### Task directions
Exclude images, then output the remaining data verbatim.

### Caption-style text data

*-*-*

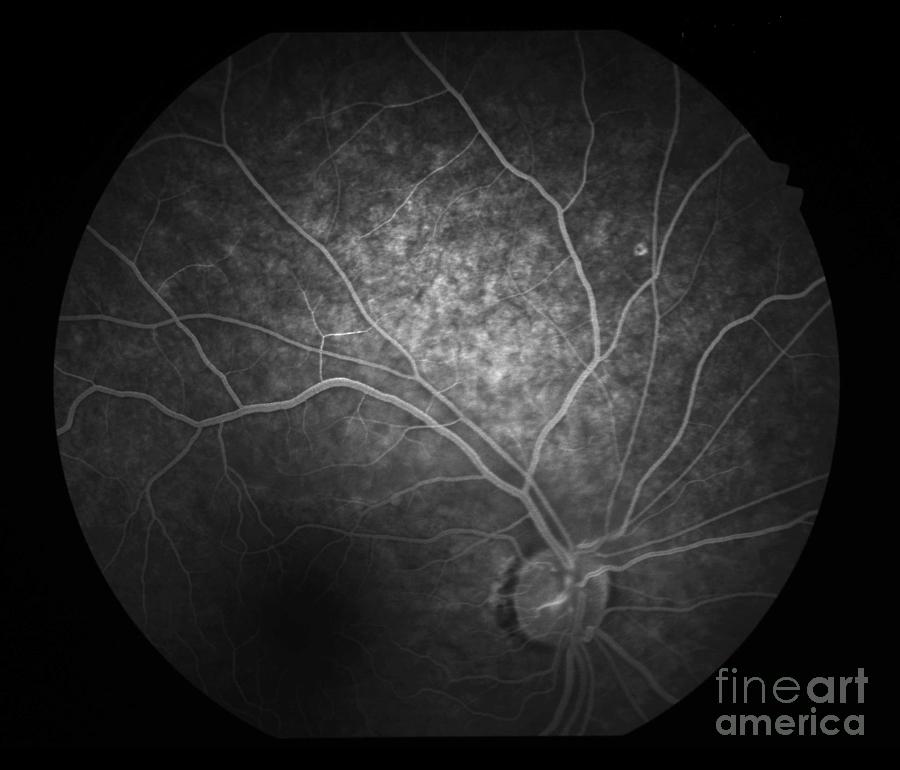 Retinal Vasculitis by Science Photo Library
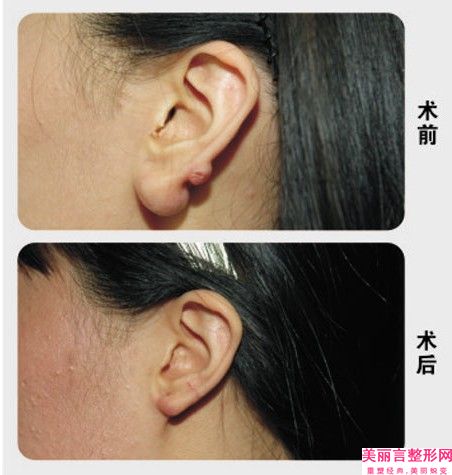长沙艺星医学美容医院有限公司(紧致提升整形)价格(价目)2025公示-耳朵整形手术案例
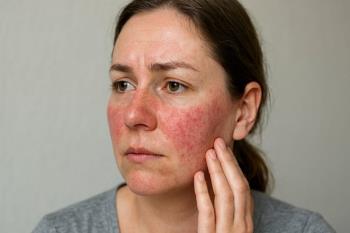 Gül Hastalığı Neden Olur?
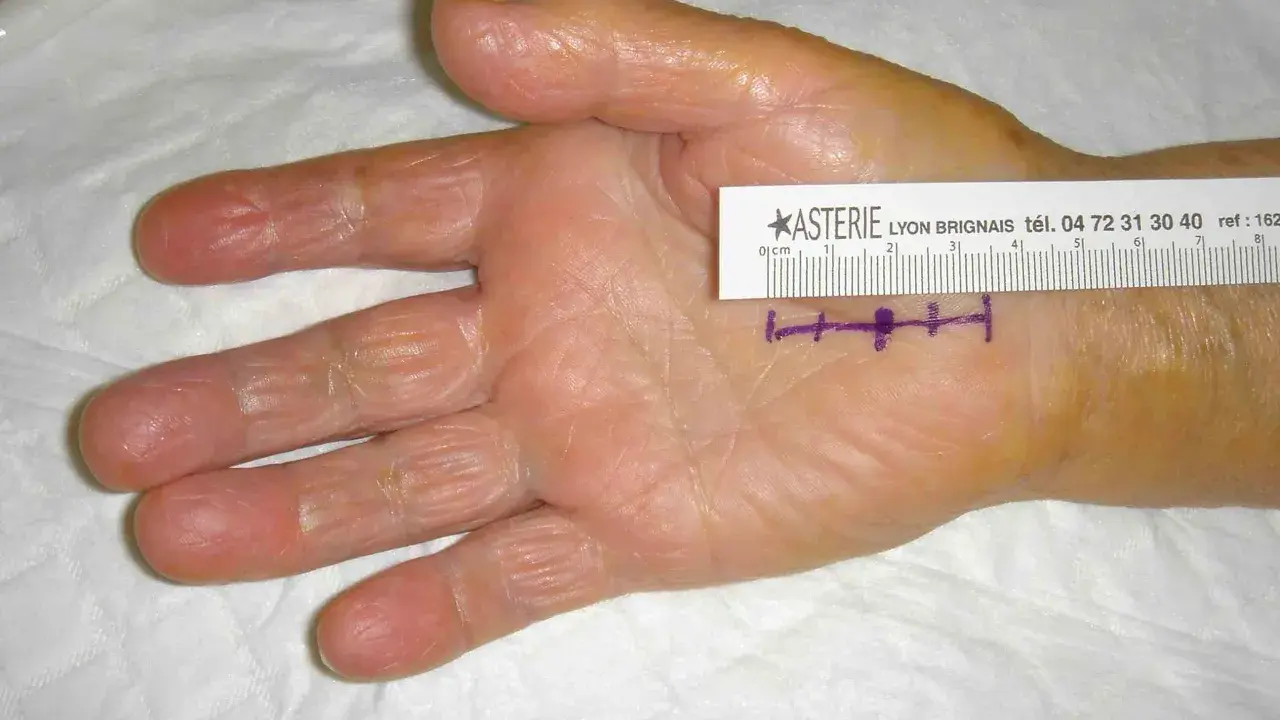 Main de patiente avec marques violettes et règle millimétrée, indiquant la zone d'intervention pour un syndrome du canal carpien.
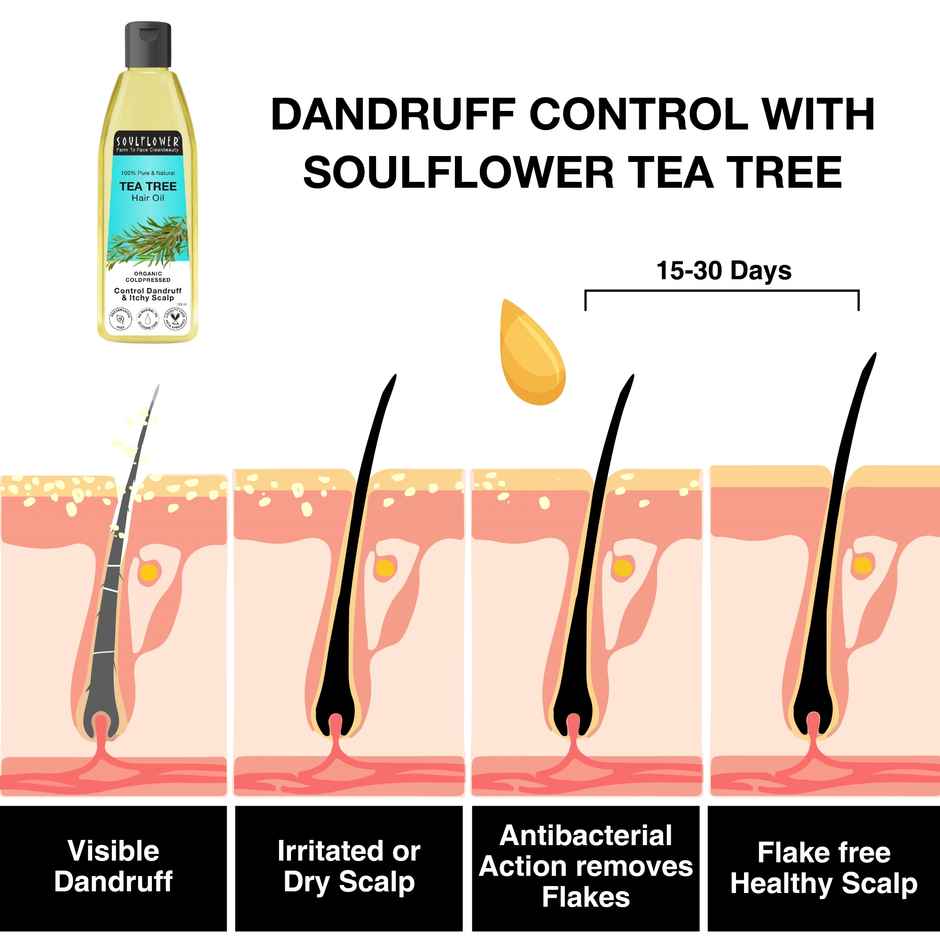 Soulflower Tea Tree Scalp and Anti Dandruff Hair Oil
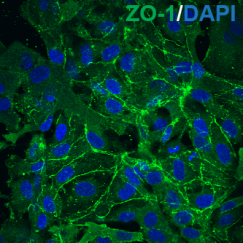 Two panels show blue cells surrounded by thin green outlines. The outlines are much more consistent and prevalent in the image on the left, which is labeled as the wild type, than on the right which is labeled Rett syndrome.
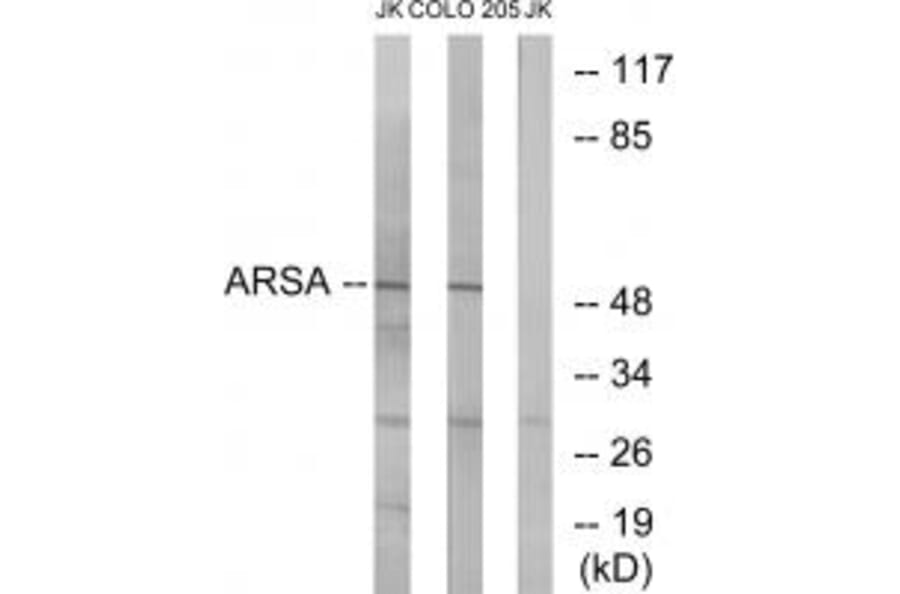 Western blot - ARSA Antibody from Signalway Antibody (34440) - Antibodies.com
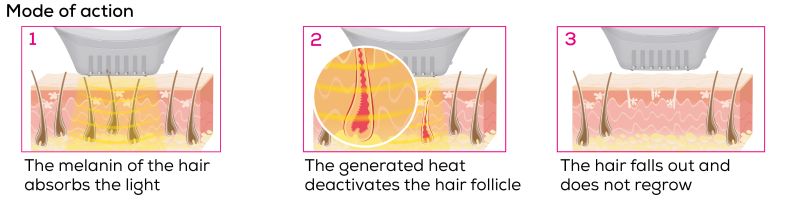 How an IPL device works in three steps: Melanin in the hair absorbs the light. Generated heat deactivates hair follicles. Hair falls out and does not grow back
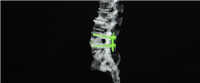 Vertebral stabilization process,,,,,,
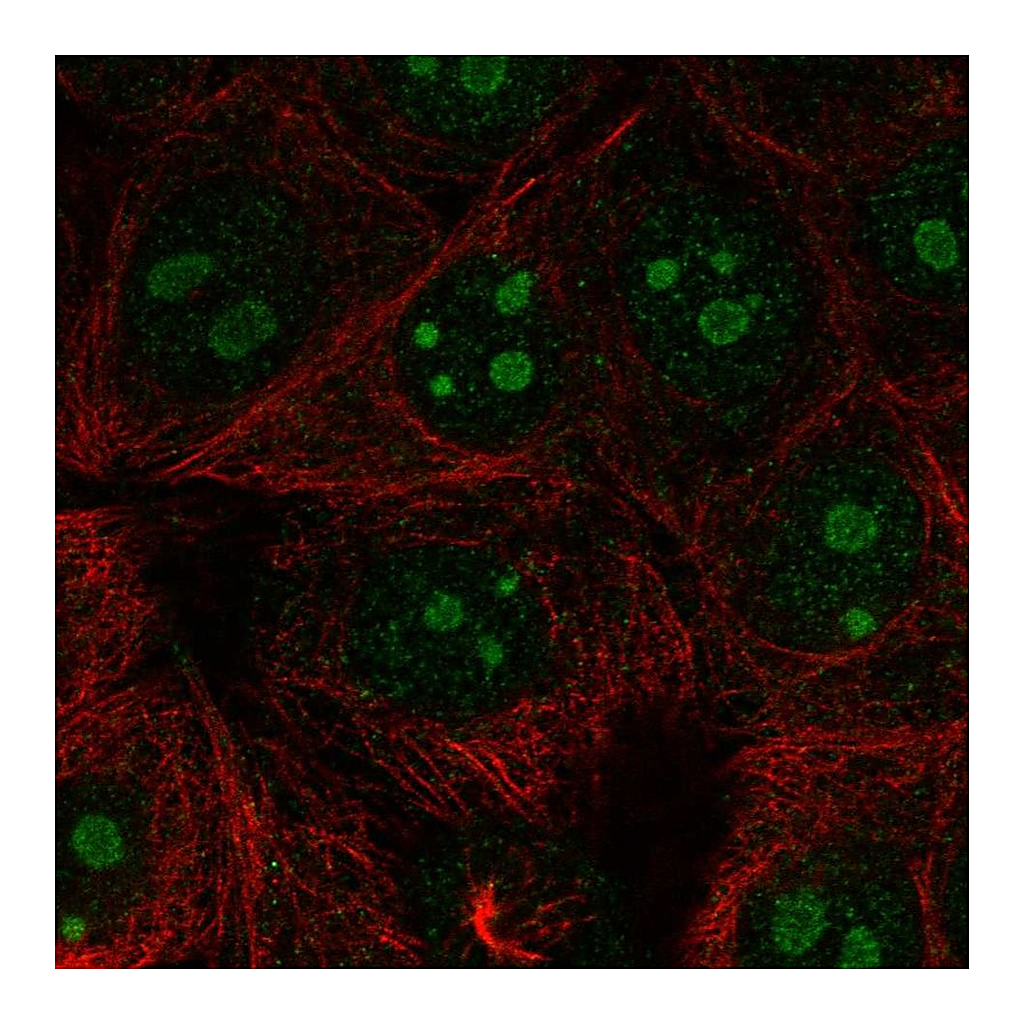 Atlas Antibodies Anti-RPL22L1 Antibody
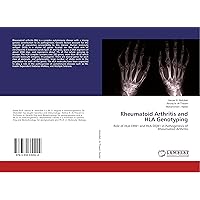 Rheumatoid Arthritis and HLA Genotyping: Role of HLA-DRB1 and HLA-DQB1 in Pathogenesis of Rheumatoid Arthritis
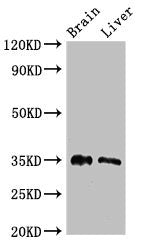 Western Blot Positive WB detected in: Mouse brain tissue, Rat liver tissue All lanes: PTF1A antibody at 2.7ug/ml Secondary Goat polyclonal to rabbit IgG at 1/50000 dilution Predicted band size: 35 kDa Observed band size: 35 kDa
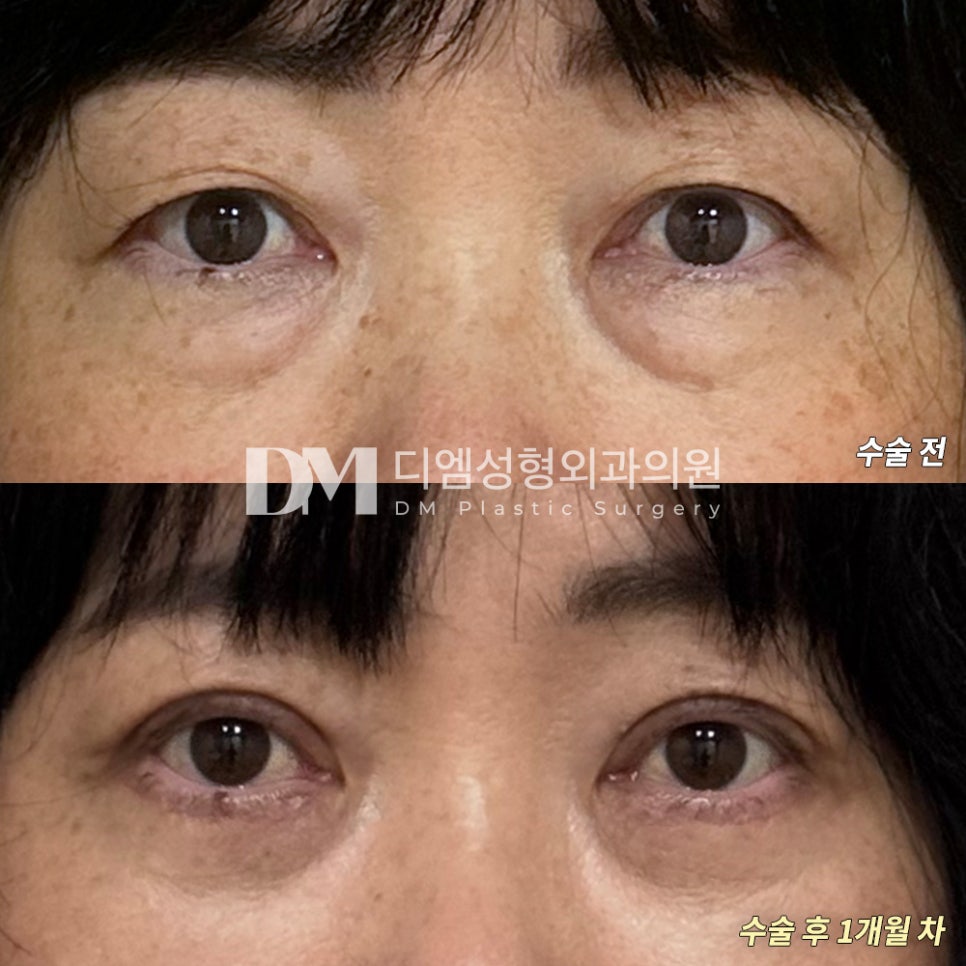 눈성형 후기."자연스레 잘 정리되어 좋아요!" 관련 이미지 2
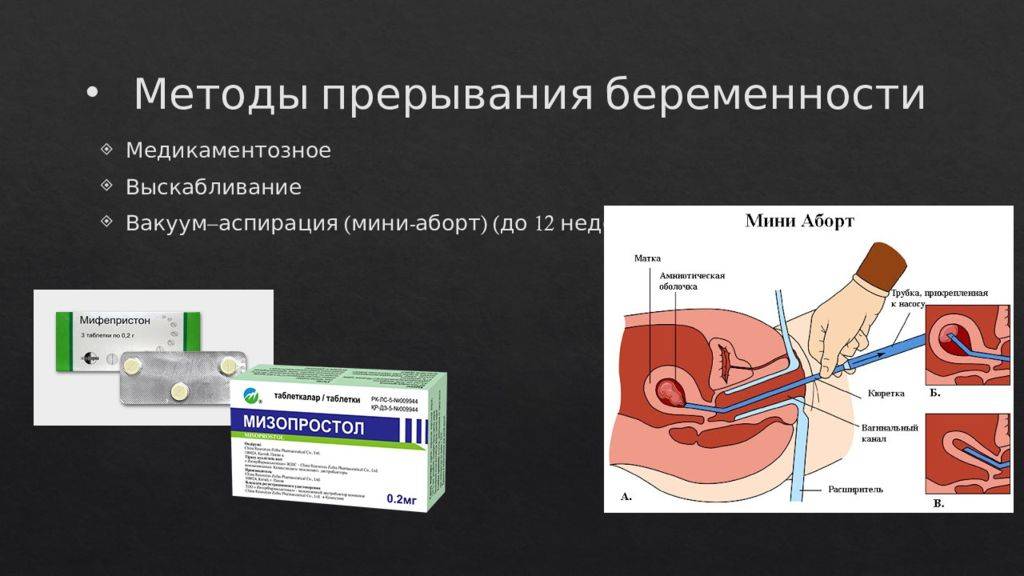 Антибиотики после выскабливания. Методы прерывания беременности. Мини-аборт (вакуум-аспирация). Хирургические методы аборта. Вакуум аспирация методика.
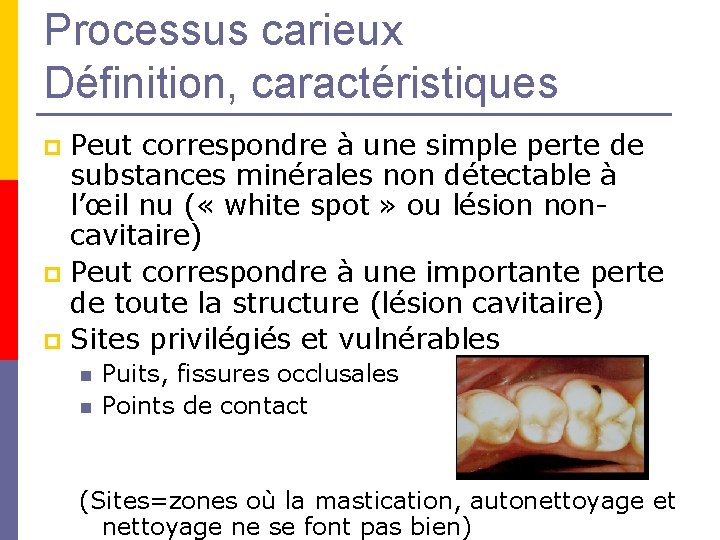 Processus carieux Définition, caractéristiques Peut correspondre à une simple perte de substances minérales non Processus carieux Définition, caractéristiques Peut correspondre à une simple perte de substances minérales non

*-*-*

### Output for this task
 Retinal Vasculitis by Science Photo Library
长沙艺星医学美容医院有限公司(紧致提升整形)价格(价目)2025公示-耳朵整形手术案例
 Gül Hastalığı Neden Olur?
 Main de patiente avec marques violettes et règle millimétrée, indiquant la zone d'intervention pour un syndrome du canal carpien.
 Soulflower Tea Tree Scalp and Anti Dandruff Hair Oil
 Two panels show blue cells surrounded by thin green outlines. The outlines are much more consistent and prevalent in the image on the left, which is labeled as the wild type, than on the right which is labeled Rett syndrome.
 Western blot - ARSA Antibody from Signalway Antibody (34440) - Antibodies.com
 How an IPL device works in three steps: Melanin in the hair absorbs the light. Generated heat deactivates hair follicles. Hair falls out and does not grow back
 Vertebral stabilization process,,,,,,
 Atlas Antibodies Anti-RPL22L1 Antibody
 Rheumatoid Arthritis and HLA Genotyping: Role of HLA-DRB1 and HLA-DQB1 in Pathogenesis of Rheumatoid Arthritis
 Western Blot Positive WB detected in: Mouse brain tissue, Rat liver tissue All lanes: PTF1A antibody at 2.7ug/ml Secondary Goat polyclonal to rabbit IgG at 1/50000 dilution Predicted band size: 35 kDa Observed band size: 35 kDa
 눈성형 후기."자연스레 잘 정리되어 좋아요!" 관련 이미지 2
 Антибиотики после выскабливания. Методы прерывания беременности. Мини-аборт (вакуум-аспирация). Хирургические методы аборта. Вакуум аспирация методика.
 Processus carieux Définition, caractéristiques Peut correspondre à une simple perte de substances minérales non Processus carieux Définition, caractéristiques Peut correspondre à une simple perte de substances minérales non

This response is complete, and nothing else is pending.